私はこれまでの弁護士業務の経験から次のような意見を会場から発言した。
自治会・町内会は任意団体だが、実際には、行政は自治会に対して重要な役割を分担させている。
@ 国勢調査の担い手 選挙投票用紙の配布
A 都市公園や公営駐車場等公の施設の管理委託の受託団体
B 開発の同意主体
Cゴミ収集のゴミ集積場の指定
行政は、今や自治会に対する役割分担を抜きにして行政活動を行うことはできないという現実を踏まえるならば、その位置づけを自治基本条例ですることが必要ではないか。
ところで、弁護士である私がこのようなことを言うのは、そこで起因する法的紛争が私のところに持ち込まれたからだ。
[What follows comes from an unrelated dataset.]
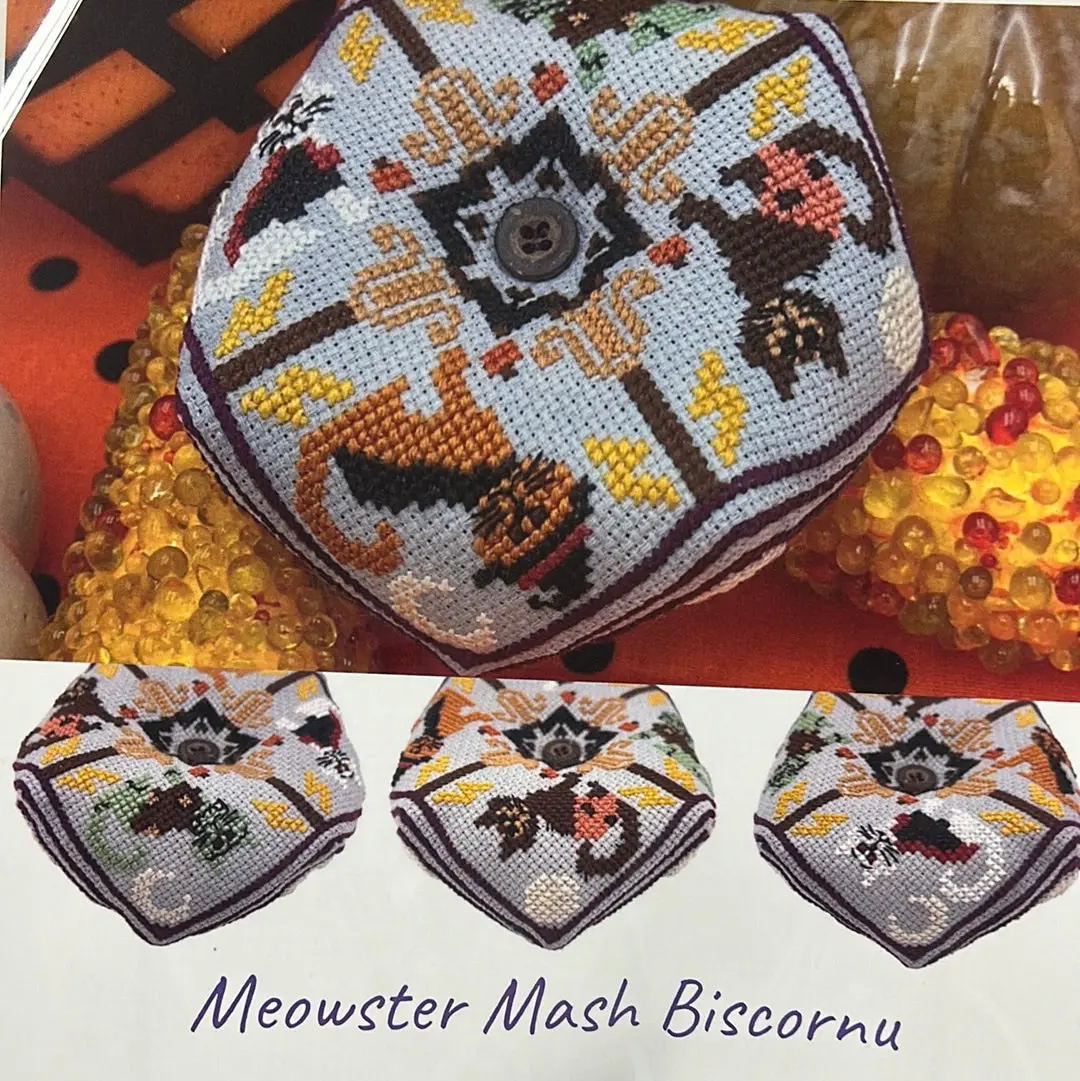 Meowster Mash Biscornu 1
@ 府営団地に付設された府営駐車場の管理を自治連駐車場委員会が公社から委託を受けていたが、駐車場使用申込書のとりまとめもしていたところ、住民から提出された申込書を管理委員会が公社に取り次がなかった事例。そのため契約・使用できない。。
A 都市公園の管理を自治連体育振興会が委託されていたが、公園の前に引っ越してきた住民が「利用者の車や夜間まで子供が騒いでいてうるさい」という苦情を自治会に言っても受けてくれないので行政を相手に調停を申し立てた事例。自治連役員は学校統廃合の見返りに公園を受け入れた経緯があるし、公園に隣接して居住しているわけでもないから新住民の思いとの間に温度差がある。
B 開発指導要綱は開発許可申請にあたって地元同意書の添付を求めているところ、旧住民=農地所有者主体の自治会役員が開発予定地に隣接する団地=新住民の意向も聞かずに開発に同意した事例。後に開発許可取消訴訟となった。
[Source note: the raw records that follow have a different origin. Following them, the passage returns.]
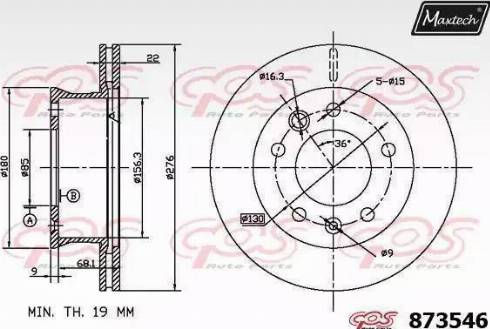 Maxtech 873546.6880 - Kočioni disk www.molydon.hr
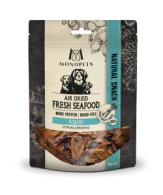 Monopets Fresh Fish air dried snacks seafood squid 70gr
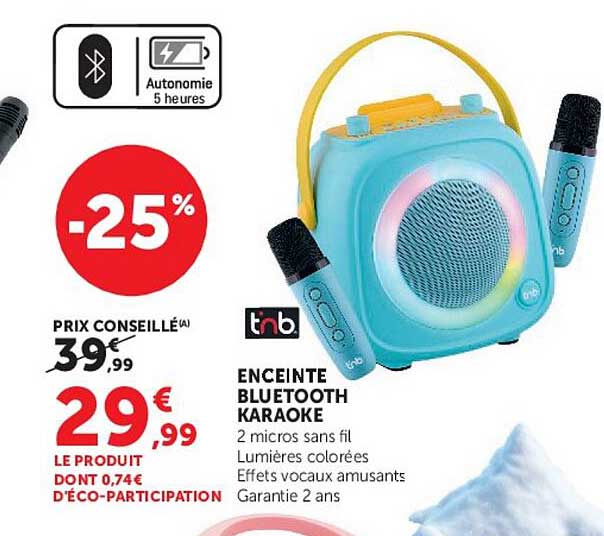 ENCEINTE BLUETOOTH KARAOKE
C 区役員の意向に反対して区費を支払わない住民に対して村八分をして区のゴミ集積場を使用させない事例。
D 区長が県会議員の親族の経営する建築会社に会館工事を発注して、必要のない工事や水増し請求をさせて、いわば区の公金を横領した事例。
E 市議会議員を兼務する区長が区の会計も一手に引き受けていたのを悪用して区の公金を横領した事例。
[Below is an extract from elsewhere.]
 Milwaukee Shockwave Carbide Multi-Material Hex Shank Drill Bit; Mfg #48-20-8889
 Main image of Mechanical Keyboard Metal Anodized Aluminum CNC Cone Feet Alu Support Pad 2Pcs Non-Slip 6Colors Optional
現実の行政で重要な役割を与えられ、多額の公金も投入されているのに、その構成員である住民(特に新住民)と自治会(特に旧住民が役員となっている場合)の間で紛争が生じており、しかも、自治会内部の民主主義が機能しておらず、かつ、自治会の規約をはじめとする内部統制に不備がある場合は、その解決が極めて困難になっている。自治会内の内部統制ルールの確立、民主的運営の確立に行政が関与すべきであり、自治基本条例にも自治会が民主的統治ルールを採用すべきこと、あるいは自治会の基本的民主的構造を明確に定めるべきではないか。
「草の根民主主義」の草の根が枯れかかっている。草の根を大切に育て上げる力・取組が問われている。パネリストが言っていたが、これまで実は当然の前提としていた「地域自治組織の意思決定システムの再構築」が必要な時期が来ている。